As expected, newly independent Latvia, Lithuania and Estonia refused to join the new common market. Georgia and Moldova rejected the agreement well in advance. But on the eve of the signing, the Ukraine, the second richest republic after Russia, changed its mind and refused to sign. Then, only an hour before the ceremony, Azerbaijan backed out, purportedly because its president was ill. Gorbachev spokesman Andrei Grachev said the Azerbaijanis had demanded a price for signing: “assurance of real protection” in their conflict with neighboring Armenia. Like the Azerbaijanis, the Ukrainians indicated that they might sign the treaty later on. But first they wanted to make bilateral economic deals with other republics, and they were leery of economic domination by Russia. “We don’t want to continue to be a colony,” said Ukrainian parliamentarian Ivan Plyushch.

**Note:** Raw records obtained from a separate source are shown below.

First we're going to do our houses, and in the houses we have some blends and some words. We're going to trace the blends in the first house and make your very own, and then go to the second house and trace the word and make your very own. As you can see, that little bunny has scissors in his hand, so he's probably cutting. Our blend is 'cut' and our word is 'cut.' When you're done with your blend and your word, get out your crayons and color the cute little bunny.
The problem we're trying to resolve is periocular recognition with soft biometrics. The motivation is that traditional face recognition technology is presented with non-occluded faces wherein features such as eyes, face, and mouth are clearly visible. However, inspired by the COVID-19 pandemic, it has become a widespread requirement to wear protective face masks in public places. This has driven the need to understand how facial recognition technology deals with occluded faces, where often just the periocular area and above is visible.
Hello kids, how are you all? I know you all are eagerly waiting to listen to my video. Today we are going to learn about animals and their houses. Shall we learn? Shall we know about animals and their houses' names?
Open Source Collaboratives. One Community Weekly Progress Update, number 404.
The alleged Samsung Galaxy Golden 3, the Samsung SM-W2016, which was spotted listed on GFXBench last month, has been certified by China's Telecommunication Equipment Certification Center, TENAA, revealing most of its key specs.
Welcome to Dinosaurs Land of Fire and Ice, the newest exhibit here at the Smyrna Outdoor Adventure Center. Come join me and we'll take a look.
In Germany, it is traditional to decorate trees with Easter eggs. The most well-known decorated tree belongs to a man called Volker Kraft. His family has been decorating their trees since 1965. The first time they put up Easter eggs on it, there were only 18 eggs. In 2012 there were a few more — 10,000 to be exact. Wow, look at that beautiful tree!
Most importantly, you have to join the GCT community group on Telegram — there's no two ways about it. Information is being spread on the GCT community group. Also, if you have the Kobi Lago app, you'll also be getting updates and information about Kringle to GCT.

“I don’t know if the Ukraine will survive without Russia, but Russia will definitely survive without the Ukraine,” said Russian Vice President Aleksandr Rutskoi. Weaknesses in the treaty made survival problematic for everyone. The agreement aims to set up a single market with a central bank and a common currency. But each republic also will have a central bank and the right to print its own currency, which is what Yeltsin says Russia will do. No one has yet explained how the union currency can have any credibility with foreign traders and investors if the republics themselves don’t have faith in it. And if the republics can’t even agree on a single currency, it is hard to see how political unity can be restored.

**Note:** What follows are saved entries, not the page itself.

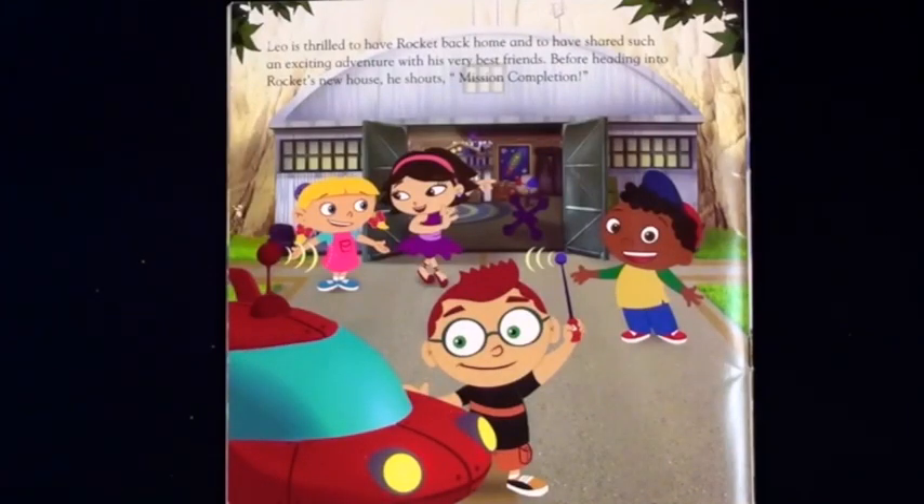Leo is thrilled to have Rocket back home and to have shared such an exciting adventure with his very best friends. Before heading into Rocket's new house, he shouts: Mission complete!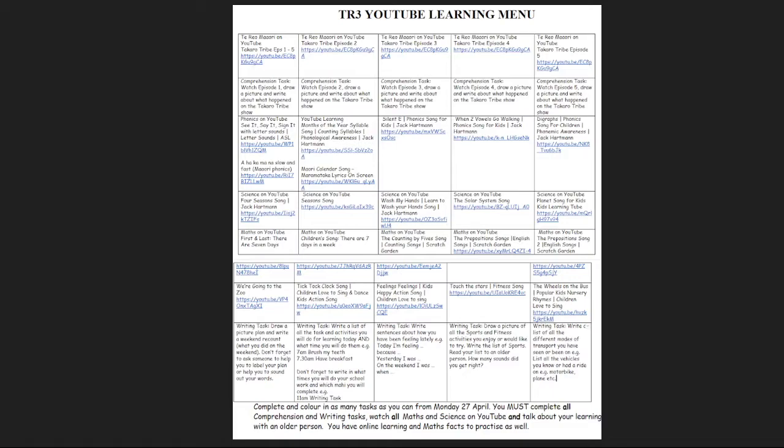Then there's the learning of spelling rules such as the silent E, when two vowels go walking. There's a phonics song about diagraphs, and there's also the learning of syllables for the months of the year, including another link to the Māori calendar song, which is to help our ākonga that are bilingual know both the English and Māori kupu.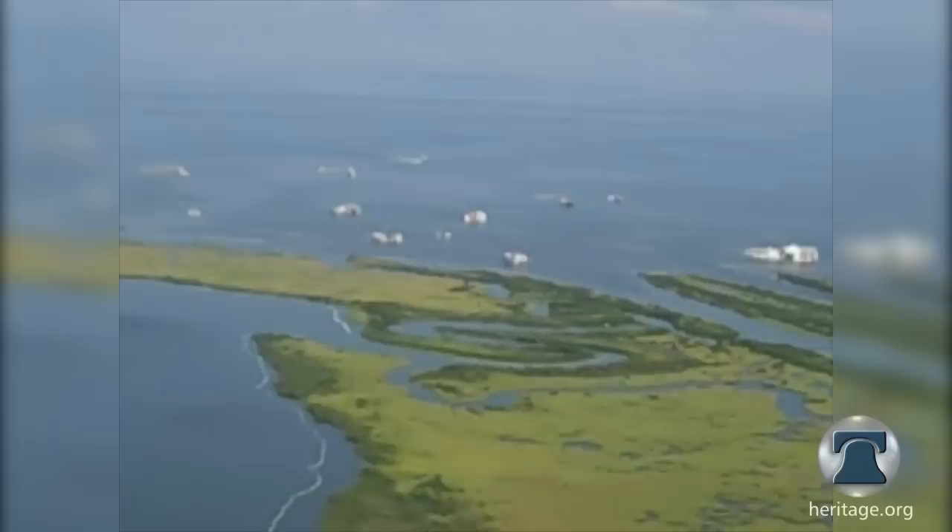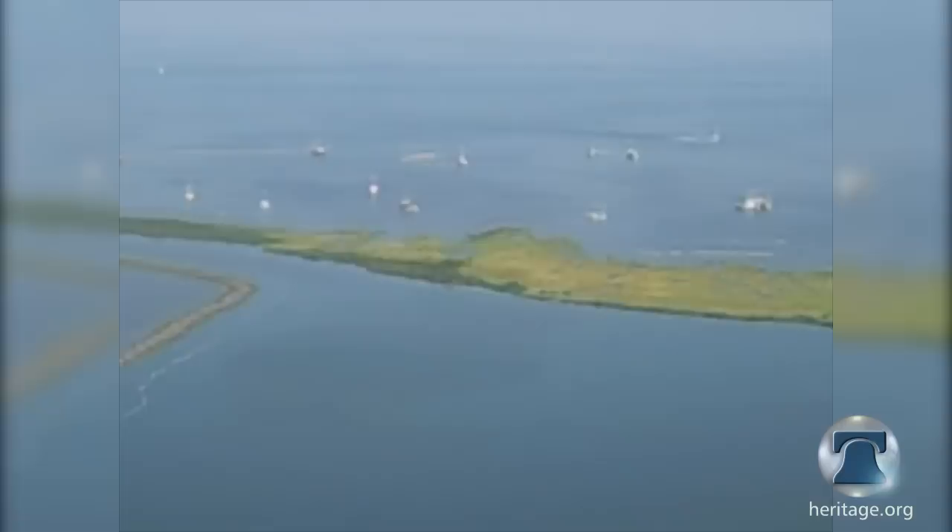Recently, the Heritage Foundation sent a team of policy experts to the Gulf Coast to investigate what is and is not working, and what more needs to be done to tackle the oil spill problem.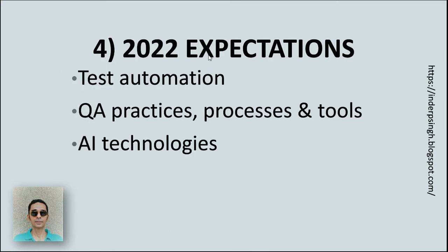Part 4 of the report deals with expectations in 2022. The expectations are that test automation would increase, QA practices, processes, and tools would improve to enable more efficient testing, and AI technologies would enable more tasks like test estimation, test repair, defect detection, and performance analysis.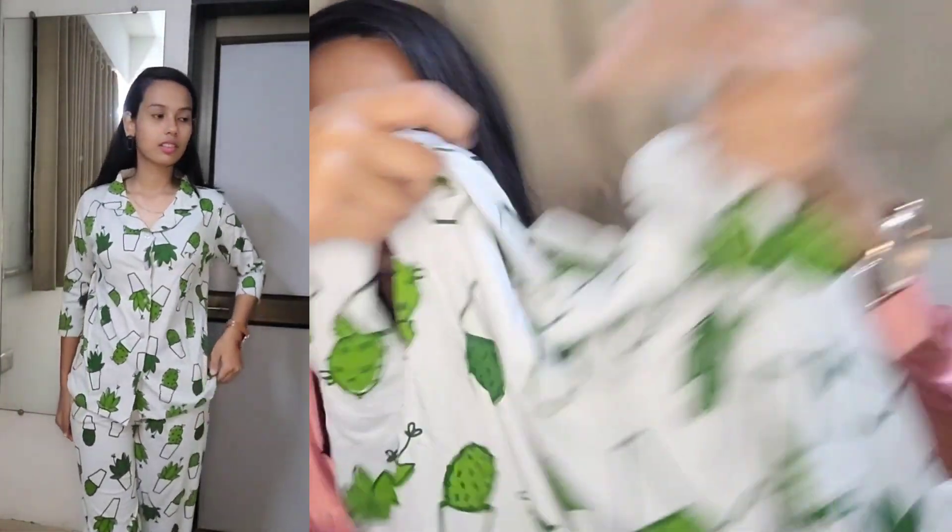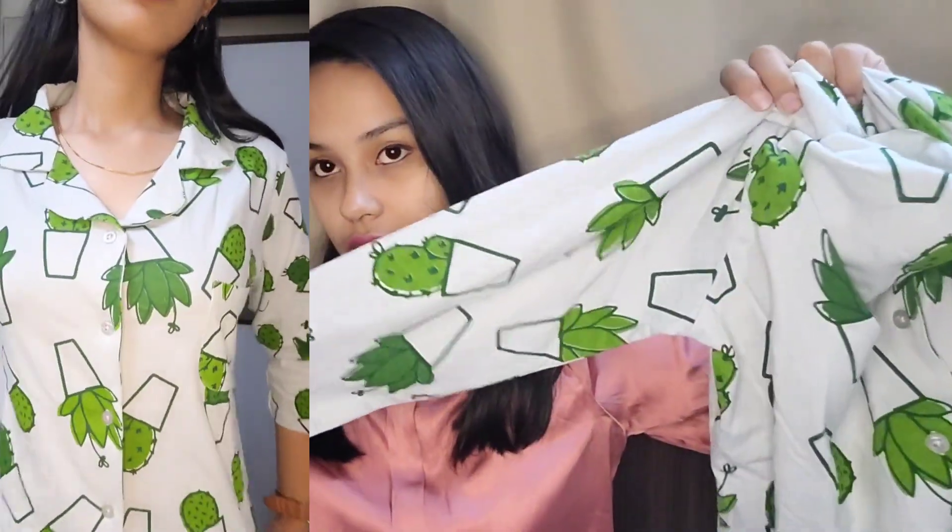I have this cotton shirt with full sleeves. It's a very thin material but it's amazing. The cactus print on it looks so beautiful when you wear it.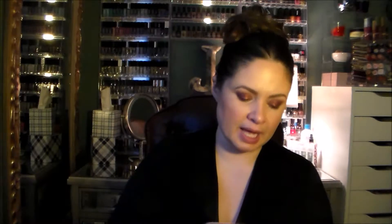The next thing I have is Templespa La Lagoon aromatic bath and shower gel — a nice deluxe sample size. It says 'let your imagination send you to exotic places as you use this relaxing bath and shower gel.' Let's open it — oh, that smells nice! It smells kind of spa-like. That's going to be fun to use; I'll use that tonight.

With the Soviet economy in free fall, official reform is getting nowhere. Unofficial reforms are taking up some of the slack. “Free commodity exchanges are springing up all over,” says Uldis Osis, deputy director of foreign economic relations for Latvia. “There are 200 to 300 such commodities exchanges, and they are trading everything except electric power-you can even buy whole-sale gasoline.” Salvation for the Soviet economy may lie in such informal arrangements. “Ad-hockery is the real engine of reform,” says economist George Holliday of the Congressional Research Service. The question is whether ad-hockery is an engine strong enough to pull the train across the mountain.